Pinpoint Cure for Epilepsy

1 decade 2 years 4 months ago Monday, November 19 2007 Nov 19, 2007 Monday, November 19, 2007 7:32:32 AM CST November 19, 2007 in News

A simple MRI can help doctors cure patients.

Caroline Martin, an epilepsy patient, is wired up in a hospital to monitor an onset of seizures.

"I knew it was dangerous because the whole time if you had a seizure and dropped it, it could cause damage to things as well as yourself...Cooking, hot liquids, decorating, climbing ladders, all things I didn't do before, but I do now," Martin said. 

Caroline is one of the first patients to benefit from pioneering research on brain scans.

"The team here from the National Society for Epilepsy have brought together a series of advanced techniques using this MRI scanner to pinpoint with unprecedented accuracy the exact site of seizures in the brain so they can target surgeries to remove the source of the epilepsy," John Duncan a representative for the National Society for Epilepsy said.

"We're looking for a physical abnormality in the hardware of the brain that is giving rise to the short circuit that is an epileptic seizure.
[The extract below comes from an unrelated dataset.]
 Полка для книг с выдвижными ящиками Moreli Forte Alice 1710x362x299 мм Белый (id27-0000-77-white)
In Caroline's case for example, we showed an abnormality in the part of the brain known as the temporal lobe," he said.

Caroline's life is now transformed.  She can do everyday activities that were once too dangerous.
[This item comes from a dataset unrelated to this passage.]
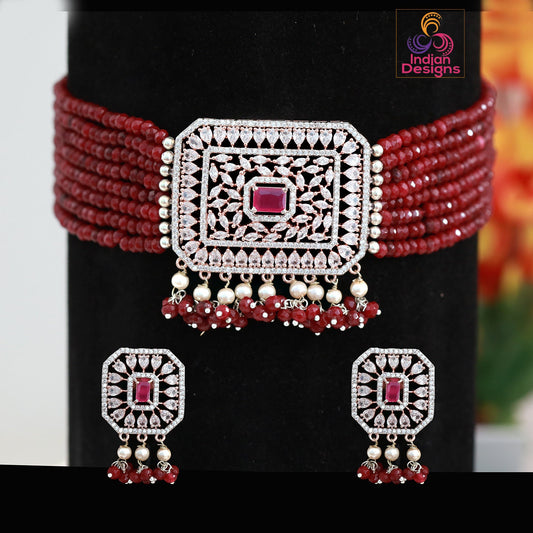 indiankundanjewelry CZ Diamonds Necklace Earrings Set, Pink Bridal Necklace Earrings Antique Jewelry Set, Statement Choker Necklace Earrings, Engagement Set
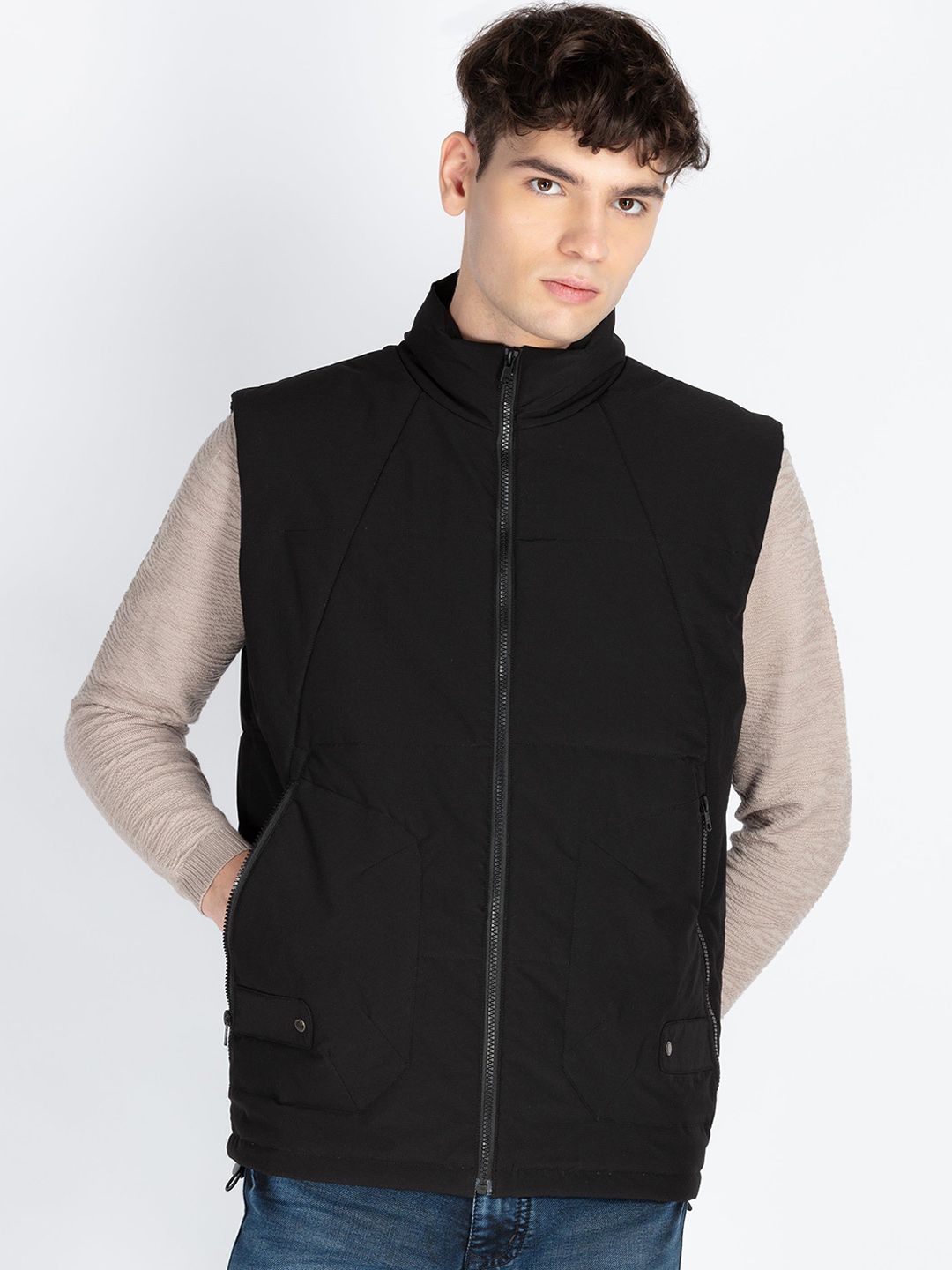 Status Quo Men Mock Collar Solid Casual Padded Jacket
"Rather than a 'cared-for', I've become a carer," she said.
 
The new techniques pinpointed abnormalities in 29 percent of patients whose brains appeared normal in other scans. This is a breakthrough of hope for epileptics like Caroline.
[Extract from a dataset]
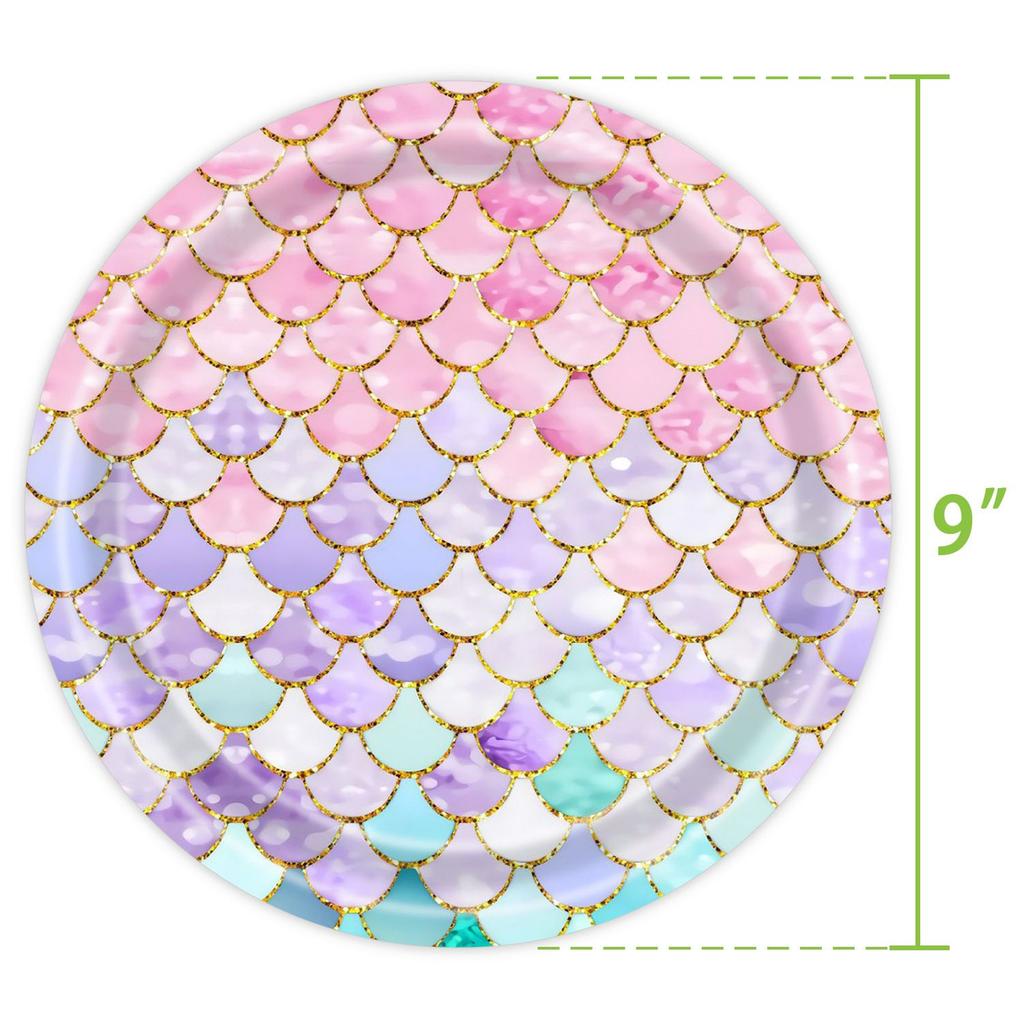 Mermaid-Themed Birthday Party Decorations: Fish-Scale Tableware Set, Disposable Paper Plates, Paper Cups, and Tablecloths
Britain's national society for epilepsy conducted the study. Researchers stress removing any part of the brain is dangerous.

Bran Lowers Diabetes Risk

In other health news, according to a Harvard study, a little more bran in your life goes a long way.

Researchers found whole grains can help lower your risk for type two diabetes. Bran was also showed as effective in fighting off the disease.

Asthma After 9/11

In New York, rescue workers who responded to the World Trade Center are still being affected by asthma.

The New York Health Department says nearly four perecent of rescue workers on 9/11 developed asthma after the attacks.  That's 12 times higher than the normal U.S. Population.

Research also showed the longer the workers were at the site, the more likely they were to develop asthma.